Orthodox Christians Must Now Learn To Live as Exiles in Our Own Country - Ron Dreher - Time Magazine

No, the sky is not falling — not yet, anyway — but with the Supreme Court ruling constitutionalizing same-sex marriage, the ground under our feet has shifted tectonically.

It is hard to overstate the significance of the Obergefell decision — and the seriousness of the challenges it presents to orthodox Christians and other social conservatives. Voting Republican and other failed culture war strategies are not going to save us now.

Discerning the meaning of the present moment requires sobriety, precisely because its radicalism requires of conservatives a realistic sense of how weak our position is in post-Christian America.

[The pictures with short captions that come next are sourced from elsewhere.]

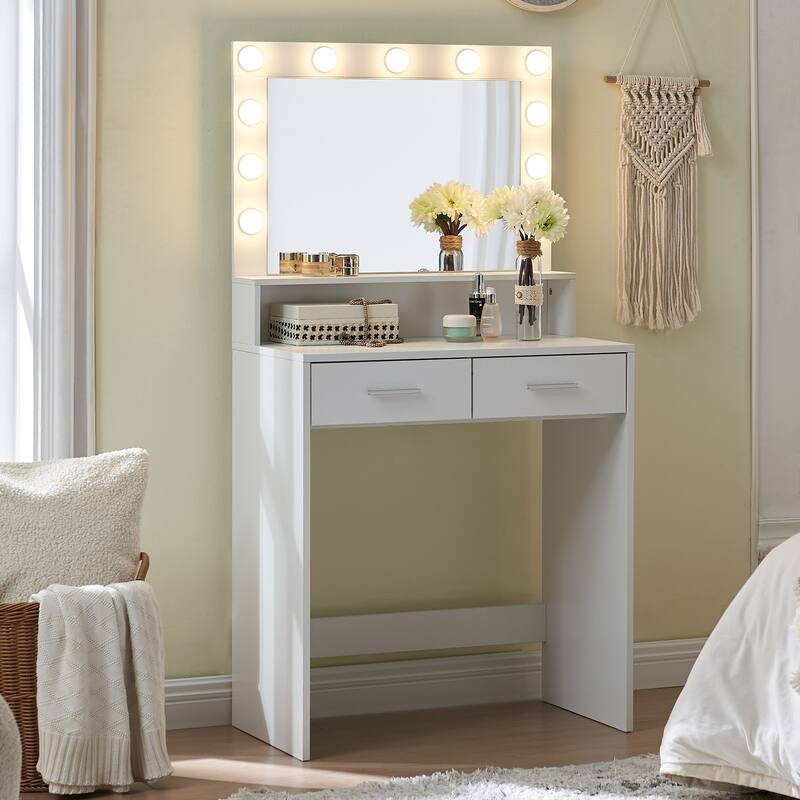 LED Vanity Desk with Mirror, Large Drawer & 3-Light Modes, Dressing Table for Bedroom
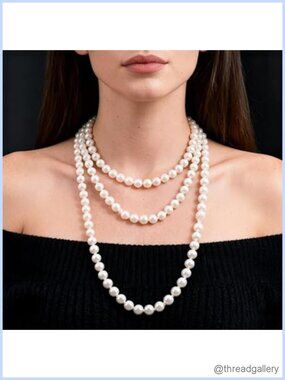 160cm Long Imitation Pearl Necklace 8mm Plastic Layered Choker for Wedding Party
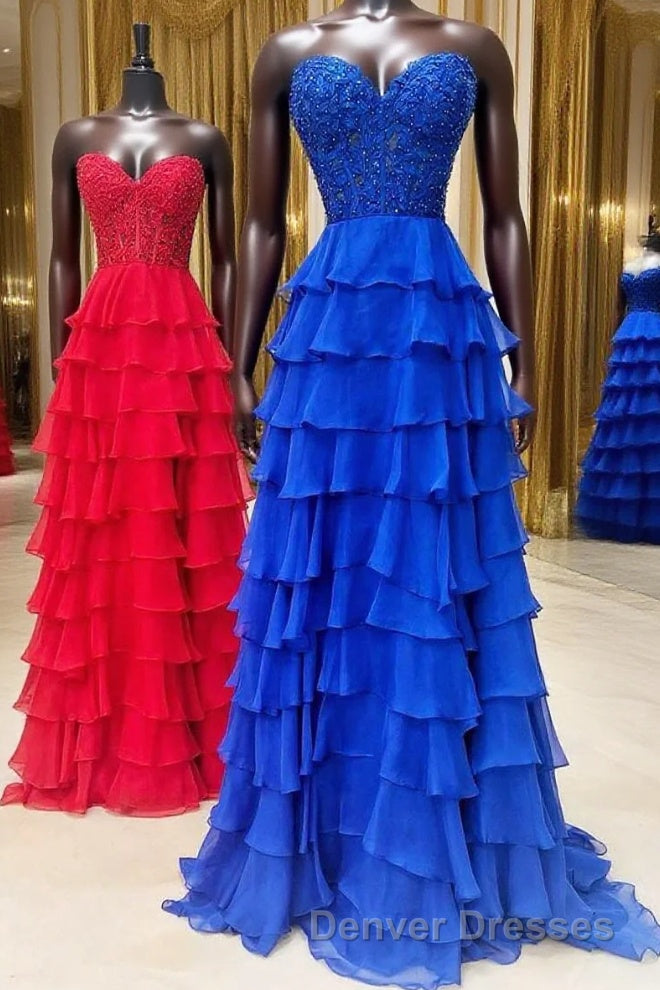 Royal Blue Chiffon Sweetheart Ruffle Tiered Long Prom Dress
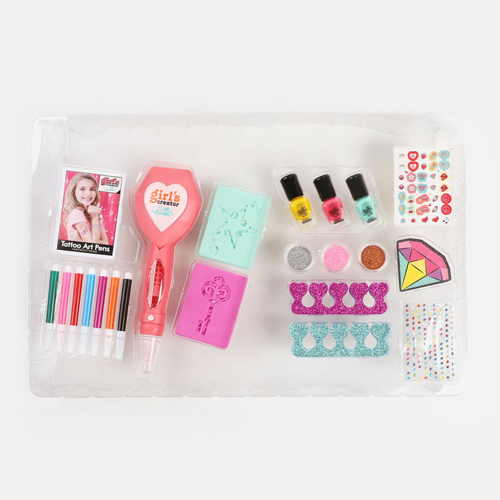 2-in-1 Tattoo & Nail Art Play Set for Girls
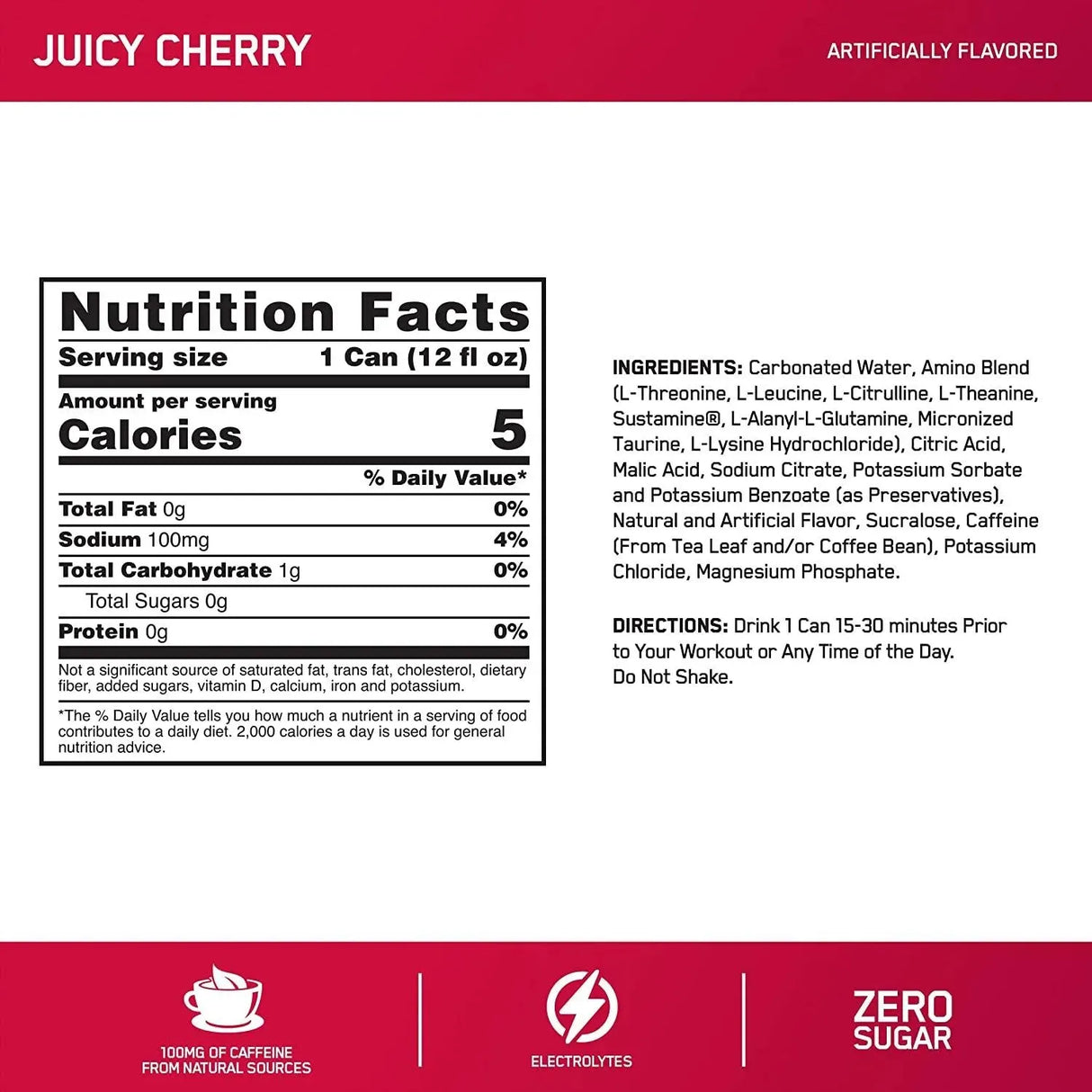 OPTIMUM NUTRITION - Optimum Nutrition Juicy Cherry Energy Drink 12 Fl Oz Cans 12 Pack - The Red Vitamin MX - Suplementos Alimenticios - {{ shop.shopifyCountryName }}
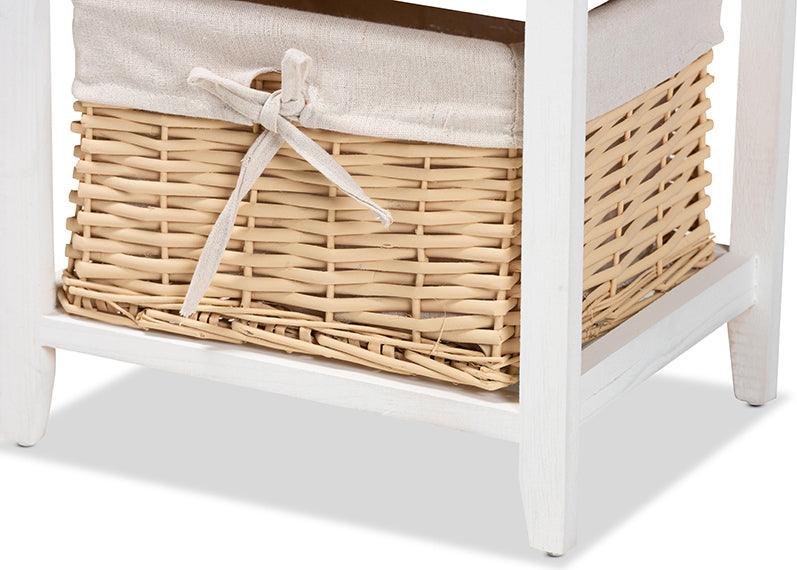 Wholesale Interiors Bedroom Organization - Adonis Mid-Century Modern Multi-Colored Wood 3-Drawer Storage Unit with Basket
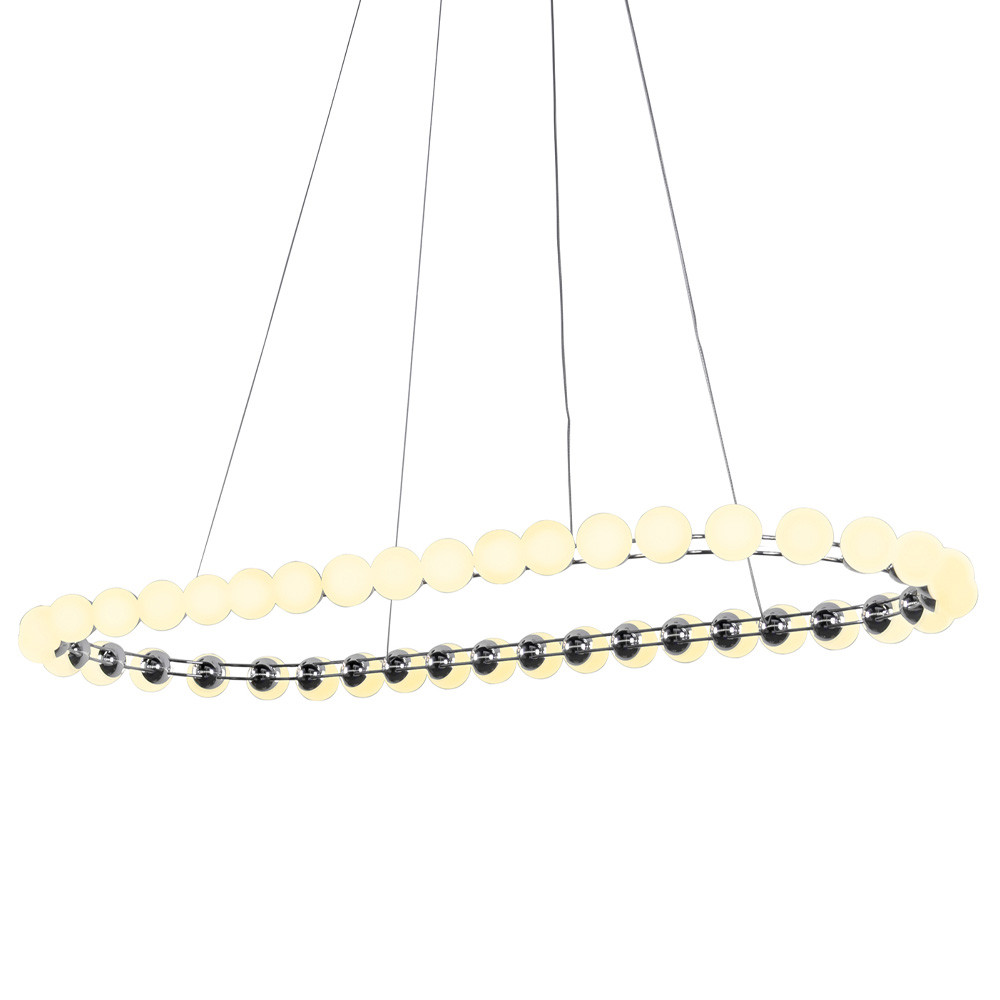 Люстра подвесная светодиодная с круглыми плафонами белого цвета PEARLS Suspension 100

The alarm that the four dissenting justices sounded in their minority opinions is chilling. Chief Justice John Roberts and Justice Antonin Scalia were particularly scathing in pointing out the philosophical and historical groundlessness of the majority’s opinion. Justice Scalia even called the decision “a threat to democracy,” and denounced it, shockingly, in the language of revolution.

It is now clear that for this Court, extremism in the pursuit of the Sexual Revolution’s goals is no vice. True, the majority opinion nodded and smiled in the direction of the First Amendment, in an attempt to calm the fears of those worried about religious liberty. But when a Supreme Court majority is willing to invent rights out of nothing, it is impossible to have faith that the First Amendment will offer any but the barest protection to religious dissenters from gay rights orthodoxy.

Indeed, Chief Justice Roberts and Justice Samuel Alito explicitly warned religious traditionalists that this decision leaves them vulnerable. Alito warns that Obergefell “will be used to vilify Americans who are unwilling to assent to the new orthodoxy,” and will be used to oppress the faithful “by those who are determined to stamp out every vestige of dissent.”

The warning to conservatives from the four dissenters could hardly be clearer or stronger. So where does that leave us?

For one, we have to accept that we really are living in a culturally post-Christian nation. The fundamental norms Christians have long been able to depend on no longer exist. To be frank, the court majority may impose on the rest of the nation a view widely shared by elites, but it is also a view shared by a majority of Americans. There will be no widespread popular resistance to Obergefell. This is the new normal.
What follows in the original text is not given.